REVIEW: ‘Toritan: Birds of a Feather,’ Volume 1

Reading Time: 3 minutes

Toritan: Birds of a Feather Cover

Toritan: Birds of a Feather has an intriguing bird-focused premise that comes off as wholesome even in its absurdity. The series is published in English by SubLime, VIZ Media‘s yaoi/BL imprint, and written and illustrated by mangaka Kotetsuko Yamamoto and the English translation is provided by Adrienne Beck with touch-up art and lettering from E.K. Weaver. In this manga, a birdsong begins to sound like a love song.

Toritan: Birds of a Feather Volume 1 is the debut volume for the new series from SubLime which follows a private detective Inusaki who has a special gift: talking to birds. But like any special talent in a manga where you’re the only one with a gift, it isn’t all it’s cracked up to be. In fact, his ability to know what the birds are saying is the reason why he despises them. Tired of the incessant chatter, he spends most of his day trying to tune them out, until the day he meets an intriguing and strangely handsome crow he just can’t get off his mind. The unwitting jack-of-all-trades who is the neighborhood man you call for all “odd jobs” is shocked when the crow in question knows his name.

This piece of familiarity is enough to build an instant connection that when you throw in that this crow is acting like anything but, even helping a baby bird that would be its prey, Inusaki names him. Now, while the name isn’t original, “Kuro,” it does show the first and only time this bird whisperer has sought friendship in a bird instead of fearing them. Later, when Inusaki seems to hear Kuro’s voice call out to him as he walks down the street. But when he turns around, he finds only the landlord’s son, Mitsuru.

Over the course of eight chapters, we get to see Inusaki explore his gift and deal with interesting feelings for a bird. A crush on a crow? Well, while this may seem different for American readers, this is a common trope in manga, especially in romances. Animals turning into humans to meet their crushes or to become closer to them is a common piece of fantasy romances and in Toritan: Birds of a Feather, it isn’t as straightforward. As Inusaki becomes closer to Mitsuru at the same time, he begins to realize that his feelings for Kuro are really his feelings for Mitsuru. But, for the entire volume, we aren’t given a clear answer as to how Kuro and Mitsuru are the same, just that they are. This mystery is something that pushes the story and makes the ending of the volume end on a note that leaves you excited to pick up the next one.

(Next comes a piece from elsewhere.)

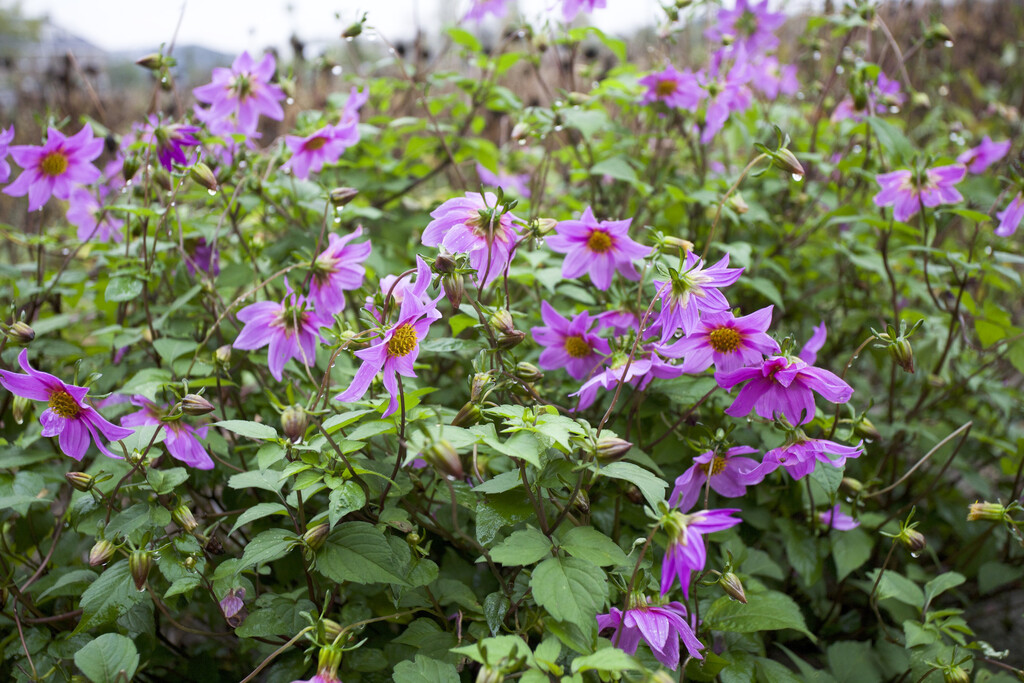 <i>Dahlia</i> <i>purpusii</i>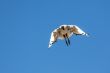 A Crane in flight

Now, you can tell that Mitsuru and Inusaki will be together, just from the genre that you’re reading. But, how it happens is a journey and one that revolves around miscommunications and growing affections that both parties keep hidden. While this volume is marked with SubLime’s “explicit content” marker, it doesn’t feature any adult scenes and instead focuses on a slow-developing romance that doesn’t start to get its footing until the last pages. While this marking is given to series and not just individual volumes, it may set some expectations for some BL readers.

That said, the slow nature of the story is essential to what makes it so heartwarming, funny, and a must-read. That said, the only issue I have with Toritan: Birds of a Feather is that volume 2 isn’t slated for release until March of next year.

Toritan: Birds of a Feather Volume 1 is available from booksellers now.


Toritan: Birds of a Feather Volume 1
5

TL;DR

The slow nature of this story is essential to what makes it so heartwarming, funny, and a must-read. That said, the only issue I have with Toritan: Birds of a Feather is that volume 2 isn’t slated for release until March of next year.